The Rusted Knight: Ten Poems of a Poor Lover (Poetry & Medium Book 1) chapter 2
## Chapter 2: The Second Poem — The Silent Horse

**I. The Arrival of Rich Partner**
Ten camels came. Their bells made silver noise.
Rich Partner rode like kings among poor boys.
His cloak was ermine. Rings were on each thumb.
He smiled. The courtiers bowed. The guards stood dumb.
“I come,” he said, “to marry Medium.
I bring three chests of gold and a new heirloom —
A mirror from the east that tells no lies.”
The king applauded. Poetry’s heart dies.
**II. Medium Feels the Wrongness**
She sat on her silver chair. Her left hand twitched.
Something about this rich man made her itched
Beneath her skin.
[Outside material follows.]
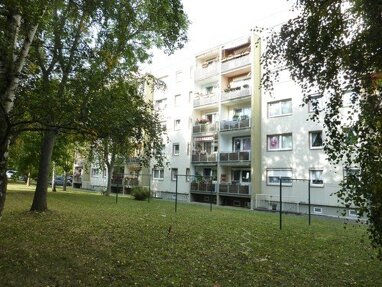 Wohnung zum Kauf 49.000 € 4 Zimmer 68,5 m² 3. Geschoss Naumburg Naumburg (Saale) 06618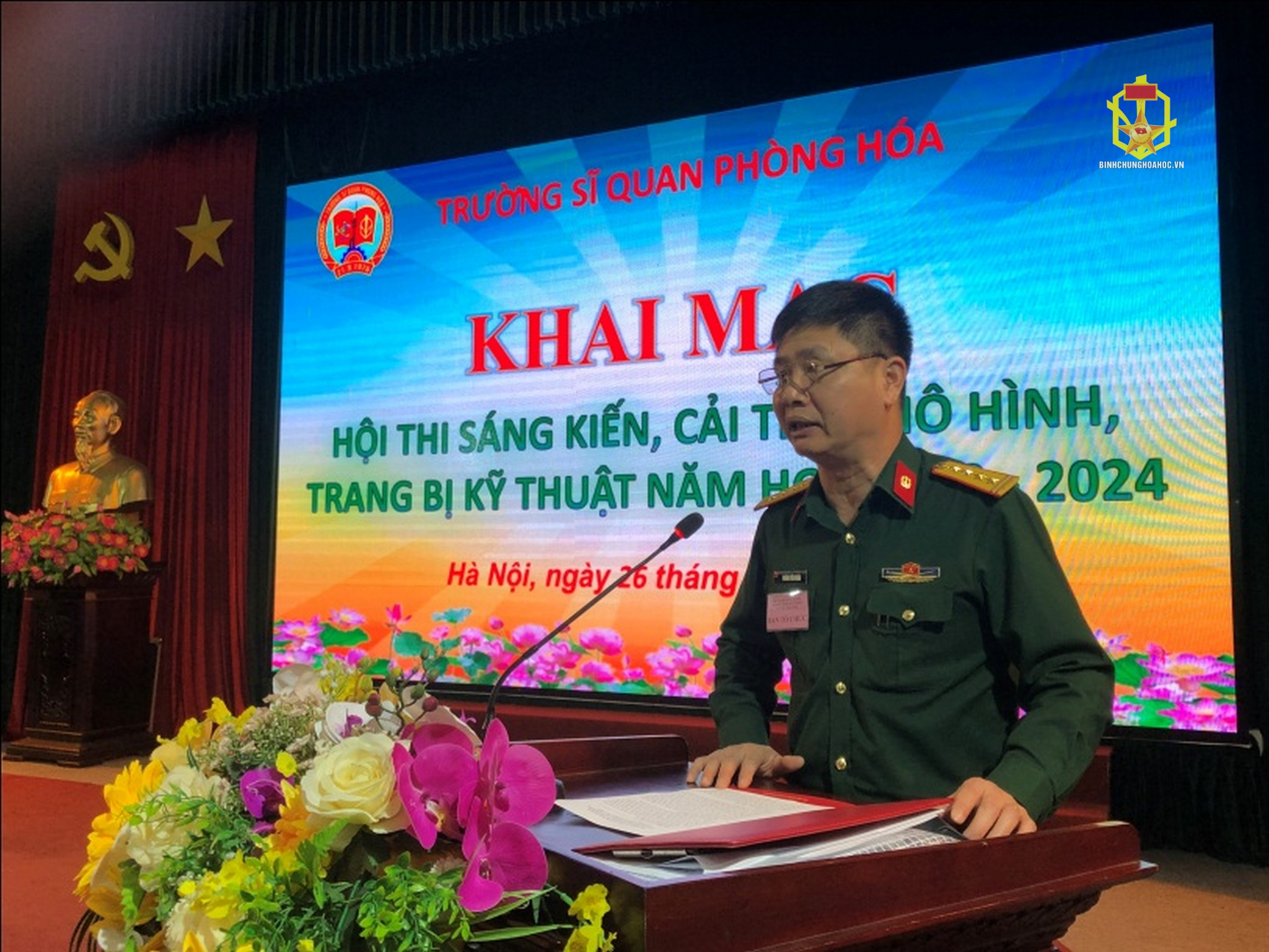 Trường Sĩ quan Phòng hóa tổ chức thành công Hội thi Sáng kiến, cải tiến mô hình, trang bị kỹ thuật năm học 2023-2024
His voice was smooth as oil,
But his eyes were counting, not courting, her royal soil.
“Father,” she whispered, “let me wait a year.”
The king laughed. “Gold does not disappear.
This prince is wealth. The other one is rust.”
She looked for Poetry. Dust. Only dust.
**III. The Silent Horse**
Poetry owned one horse. No name. No neigh.
It stood in shadows. It had nothing to say.
For seven years, it carried him through mud,
Through wars he lost, through fields of failed blood.
That night, he knelt beside it in the stable.
“Old friend,” he said. “I am not able
To win her with a sword. But I can sing.
Tomorrow, I will give the rich prince a thing
He cannot buy: ten poems. And you, my horse,
Will stand here silent. That will be your force —
To witness. To remember. To not speak.
Because the poor must let the wealthy seem meek.”
**IV. The Second Poem — Written on a Bridle Strap**
*My horse knows the way to your window, not to the war.*
*His hooves have memorized the stones outside your door.*
*He never carried a lance. He never wore a plume.*
- He only carried me through the sorrow and the gloom*

*To stand beneath your balcony at three o’clock in spring,*
*When even the richest men are poor at listening.*
*So if you hear a hoof-fall soft as fallen ash,*
*That is my silent horse. That is my quiet dash*
*Toward a love that has no armor, no land, no king to please — *
*Just a horse who knows your window, and a heart down on its knees.*
**V. The Meeting in the Garden**
Rich Partner found Poetry by the rose hedge.
“You,” said the prince. “The one who lives on the edge
Of starvation. I heard you make rhymes.
I need ten love poems for wedding times.
Medium is strange. She wants ‘feeling,’ not gold.
Make me ten verses. Let my story be told
As if I wrote them. Hide behind the curtain.
Sing. I’ll move my lips. Of this be certain —
You will be paid.” Poetry bowed his head.
“I ask no gold,” he said. “Just let me stay instead
Behind the cloth. Let my voice reach her ears.
That is my price. Ten poems. Ten tears.”
**VI. The Father Watches**
Manager stood behind a column. Stone.
He saw his son. He heard the prince’s tone.
“This is my chance,” he whispered to his purse.
“If Poetry shames me, I will make it worse.
I will fire him. Not once. But poem by poem.
Ten chapters of dismissal. I will show him
That love is nothing. Numbers are the law.”
He touched his ledger. Smiled. And saw.
**VII. The Silent Horse Witnesses**
Back in the stable, the horse did not move.
But animals understand what words cannot prove.
It lowered its head. It breathed on the floor.
It remembered the boy who could not afford
A saddle, a blanket, a bridle of leather —
Only a whisper: *We will survive this weather.*
The horse closed its eyes. In the dark of the stall,
It saw a princess. It saw her fall
Not for a prince with camels and rings,
But for a poor man who sings.

**VIII. The Promise Before the Curtain**
That midnight, Poetry sat by the well.
He wrote the second poem. He could not tell
If Medium would hear his voice behind the cloth,
If she would know the rich man’s mouth was both
A liar and a thief. But he had to try.
“Tomorrow,” he said to the moon, “I die
Or live. There is no middle for the poor.
Either she knows my voice, or I close the door.”
He folded the bridle strap. He hid it inside
His shirt, next to his heart. And then he cried —
Not from sadness. From the terrible weight
Of loving someone when you have no estate.
**IX. The Closing of Chapter Two**
So ends the second chapter. The rich prince smiles.
The poor knight sharpens his voice for ten miles
Of verse. The silent horse stands in the straw.
Manager sharpens his ledger like a claw.
And Medium, asleep in her silver bed,
Dreams of a rusted shield and a horse’s head
Nuzzling her window at three in the dark.
Somewhere, a poor boy strikes a match. A spark.
The curtain waits. The ten poems are nearly done.